I asked her today about her first 90 days. Rather than focus on herself, she immediately turned to what Manitobans are dealing with – how they want COVID-19 to be over and to get on with their lives, how the transition itself is worrisome to many. 

She has been thinking deeply about this and says that we need to find innovative ways to deal with the health challenges, whether through using public or private services to get the backlog cleaned up. The Council of the Federation is meeting again soon, and she says that this will be a top-of-mind consideration to address with the federal government. “It is difficult for any single province to go ahead on their own,” she pointed out. 

““We need a solid commitment by the federal government to provide a meaningful increase to the Canada Health Transfer base budget of health care funding to the provinces and territories.”

 The federal proportion of funding has eroded over the years from its original 50 per cent to 23.5 per cent in 2019, with provinces picking up the rest. Clearly, this is a critical issue for the way going forward and one that preoccupies the Council. 

“We either have to get an agreement on new funding or find new ways to deal with this,” the premier says. It is a major challenge but one that she sees clearly as a top priority.

She becomes very animated when talking about the overall future of the province and how to overcome the corporate malaise that has held us back for many years.

“We have to come back together as a province.” Heather’s family has been part of the Manitoba story since the late 1800s. She remembers our once spirit of optimism and limitless potential. To forege ahead, the Premier believes government must be sincerely consultative, taking a more collaborative approach going forward. “We need to listen,” she emphasizes, making it clear that listening is hearing all the nuances and paying attention to them rather than brushing them off.

It is the same in her government. “We need to encourage MLAs to speak for their constituents. If we don’t, we get nowhere,” she says, making it clear that she expects her team to take a pro-active, let’s-fix-it approach. “We need to change the culture from being top heavy with all the power vested in the prime minster or the premiers as opposed to being part of a responsible team.” As caucus learns to trust this more, she believes a lot of the negative pressure on government will disappear.

We move on to economic recovery. The Premier lights up with positive energy and declares once again that “We are open for business!” She has already met with some of the mining companies and is firmly committed to moving the dial forward on development in the North. This is very important to our first nations and the Metis, she says. 
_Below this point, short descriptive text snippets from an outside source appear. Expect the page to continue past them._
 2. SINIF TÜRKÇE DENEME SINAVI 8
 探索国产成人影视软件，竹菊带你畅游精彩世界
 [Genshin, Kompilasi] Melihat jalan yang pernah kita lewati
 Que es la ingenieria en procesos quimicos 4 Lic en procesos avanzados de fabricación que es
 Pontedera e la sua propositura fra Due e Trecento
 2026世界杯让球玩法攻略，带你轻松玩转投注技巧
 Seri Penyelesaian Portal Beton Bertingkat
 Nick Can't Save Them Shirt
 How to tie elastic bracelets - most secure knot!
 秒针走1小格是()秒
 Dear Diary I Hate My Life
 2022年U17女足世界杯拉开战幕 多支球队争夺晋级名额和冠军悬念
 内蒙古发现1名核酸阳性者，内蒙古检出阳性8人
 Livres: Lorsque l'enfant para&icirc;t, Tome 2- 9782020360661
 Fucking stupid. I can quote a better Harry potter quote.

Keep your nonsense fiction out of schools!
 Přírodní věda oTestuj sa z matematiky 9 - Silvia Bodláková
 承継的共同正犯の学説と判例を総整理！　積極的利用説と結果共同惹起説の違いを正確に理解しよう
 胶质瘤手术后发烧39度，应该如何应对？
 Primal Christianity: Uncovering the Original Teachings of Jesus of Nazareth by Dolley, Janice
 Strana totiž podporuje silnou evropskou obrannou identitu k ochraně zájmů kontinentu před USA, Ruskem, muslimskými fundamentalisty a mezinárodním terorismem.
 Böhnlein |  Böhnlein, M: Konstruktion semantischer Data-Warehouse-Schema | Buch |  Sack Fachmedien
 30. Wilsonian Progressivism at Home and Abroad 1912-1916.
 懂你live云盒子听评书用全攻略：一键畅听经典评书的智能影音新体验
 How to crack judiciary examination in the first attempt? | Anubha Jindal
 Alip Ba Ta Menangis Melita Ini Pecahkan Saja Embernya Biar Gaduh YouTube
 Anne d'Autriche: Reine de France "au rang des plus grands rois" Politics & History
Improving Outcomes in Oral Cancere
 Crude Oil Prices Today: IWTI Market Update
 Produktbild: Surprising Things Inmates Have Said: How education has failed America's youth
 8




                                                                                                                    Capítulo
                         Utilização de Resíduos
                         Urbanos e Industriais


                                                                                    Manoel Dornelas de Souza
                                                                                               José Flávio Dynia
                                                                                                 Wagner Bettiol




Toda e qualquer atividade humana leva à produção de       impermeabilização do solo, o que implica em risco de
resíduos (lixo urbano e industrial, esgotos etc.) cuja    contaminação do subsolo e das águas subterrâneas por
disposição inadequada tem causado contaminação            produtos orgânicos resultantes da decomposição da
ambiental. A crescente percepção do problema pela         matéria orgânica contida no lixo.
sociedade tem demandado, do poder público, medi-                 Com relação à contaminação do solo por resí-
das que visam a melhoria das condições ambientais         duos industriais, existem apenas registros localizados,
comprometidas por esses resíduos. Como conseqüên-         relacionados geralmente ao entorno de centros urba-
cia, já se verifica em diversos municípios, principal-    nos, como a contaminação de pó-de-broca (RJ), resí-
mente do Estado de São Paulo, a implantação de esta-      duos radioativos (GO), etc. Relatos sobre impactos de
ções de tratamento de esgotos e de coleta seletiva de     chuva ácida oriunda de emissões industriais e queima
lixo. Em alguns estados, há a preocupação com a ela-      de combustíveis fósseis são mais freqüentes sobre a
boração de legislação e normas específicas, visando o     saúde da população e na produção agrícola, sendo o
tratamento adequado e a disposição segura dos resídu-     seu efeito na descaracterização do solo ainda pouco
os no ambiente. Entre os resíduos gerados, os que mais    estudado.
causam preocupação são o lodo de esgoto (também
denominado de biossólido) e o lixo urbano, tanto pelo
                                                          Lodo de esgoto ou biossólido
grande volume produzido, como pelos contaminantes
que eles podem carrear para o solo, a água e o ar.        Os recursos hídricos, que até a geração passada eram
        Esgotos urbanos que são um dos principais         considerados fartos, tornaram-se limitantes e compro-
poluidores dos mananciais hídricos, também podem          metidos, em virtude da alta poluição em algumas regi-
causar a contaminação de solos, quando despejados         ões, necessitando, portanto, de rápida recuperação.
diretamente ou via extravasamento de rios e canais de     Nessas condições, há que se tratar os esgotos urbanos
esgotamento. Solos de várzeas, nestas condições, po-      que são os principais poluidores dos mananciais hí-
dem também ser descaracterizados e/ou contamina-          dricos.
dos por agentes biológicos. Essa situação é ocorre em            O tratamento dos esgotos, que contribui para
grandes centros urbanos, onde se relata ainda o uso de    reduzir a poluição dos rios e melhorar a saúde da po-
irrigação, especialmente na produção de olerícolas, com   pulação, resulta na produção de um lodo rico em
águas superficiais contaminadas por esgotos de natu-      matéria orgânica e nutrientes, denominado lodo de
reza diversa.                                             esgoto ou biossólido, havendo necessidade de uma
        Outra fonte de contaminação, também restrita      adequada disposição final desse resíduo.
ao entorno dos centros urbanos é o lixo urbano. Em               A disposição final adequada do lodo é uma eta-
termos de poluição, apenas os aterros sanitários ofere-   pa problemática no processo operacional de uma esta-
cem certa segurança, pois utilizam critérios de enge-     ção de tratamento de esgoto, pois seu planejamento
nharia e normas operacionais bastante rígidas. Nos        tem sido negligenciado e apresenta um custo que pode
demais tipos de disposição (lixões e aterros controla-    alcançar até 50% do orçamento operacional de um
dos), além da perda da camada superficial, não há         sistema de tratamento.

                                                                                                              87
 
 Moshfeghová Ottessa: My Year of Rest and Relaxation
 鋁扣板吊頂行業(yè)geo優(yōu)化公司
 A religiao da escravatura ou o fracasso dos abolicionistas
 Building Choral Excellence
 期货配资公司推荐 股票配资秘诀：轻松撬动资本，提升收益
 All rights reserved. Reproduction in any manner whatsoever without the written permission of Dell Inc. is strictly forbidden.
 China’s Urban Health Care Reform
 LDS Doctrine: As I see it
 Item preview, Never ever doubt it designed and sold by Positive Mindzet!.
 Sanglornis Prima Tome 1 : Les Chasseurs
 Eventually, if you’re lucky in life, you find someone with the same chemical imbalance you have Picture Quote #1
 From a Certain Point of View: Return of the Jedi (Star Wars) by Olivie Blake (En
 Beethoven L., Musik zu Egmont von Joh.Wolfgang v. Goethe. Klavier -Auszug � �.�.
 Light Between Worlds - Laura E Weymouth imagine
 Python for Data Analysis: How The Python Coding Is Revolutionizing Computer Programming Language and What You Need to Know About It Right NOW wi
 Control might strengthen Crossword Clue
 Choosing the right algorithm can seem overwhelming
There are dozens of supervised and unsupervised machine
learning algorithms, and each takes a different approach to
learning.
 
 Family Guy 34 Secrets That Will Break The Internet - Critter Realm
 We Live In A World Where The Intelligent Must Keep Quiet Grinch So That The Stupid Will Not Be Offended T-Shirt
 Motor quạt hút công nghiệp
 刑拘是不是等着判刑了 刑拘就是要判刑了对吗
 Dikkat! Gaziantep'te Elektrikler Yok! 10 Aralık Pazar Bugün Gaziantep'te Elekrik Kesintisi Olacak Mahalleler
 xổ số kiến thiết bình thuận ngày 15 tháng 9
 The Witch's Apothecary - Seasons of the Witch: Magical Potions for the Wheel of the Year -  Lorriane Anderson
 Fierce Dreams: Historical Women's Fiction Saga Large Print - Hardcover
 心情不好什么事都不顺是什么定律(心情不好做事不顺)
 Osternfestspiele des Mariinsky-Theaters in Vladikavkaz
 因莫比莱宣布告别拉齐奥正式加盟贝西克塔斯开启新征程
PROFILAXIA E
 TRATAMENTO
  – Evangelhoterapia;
On the wider economic front stay tuned for some very exciting news about the economic development structure over the next few weeks. She intends to maintain a key role in the portfolio so that her vision and business experience can guide our road to recovery.

We will discuss this more in the March issue of Lifestyles. 

The Premier has also noted concerns about the erosion of the work force in our province, both skilled and unskilled, and she has some forward thinking plans about immigration that will be rolled out soon.

As we came to the end of our discussion, I asked her if she was exhausted, and she laughed. “It’s been up and down,” she answered. “But that’s just life! Lots of people are facing the COVID-19 malaise.”

She pauses then adds in her optimistic, upbeat way, “I get very excited about the future.”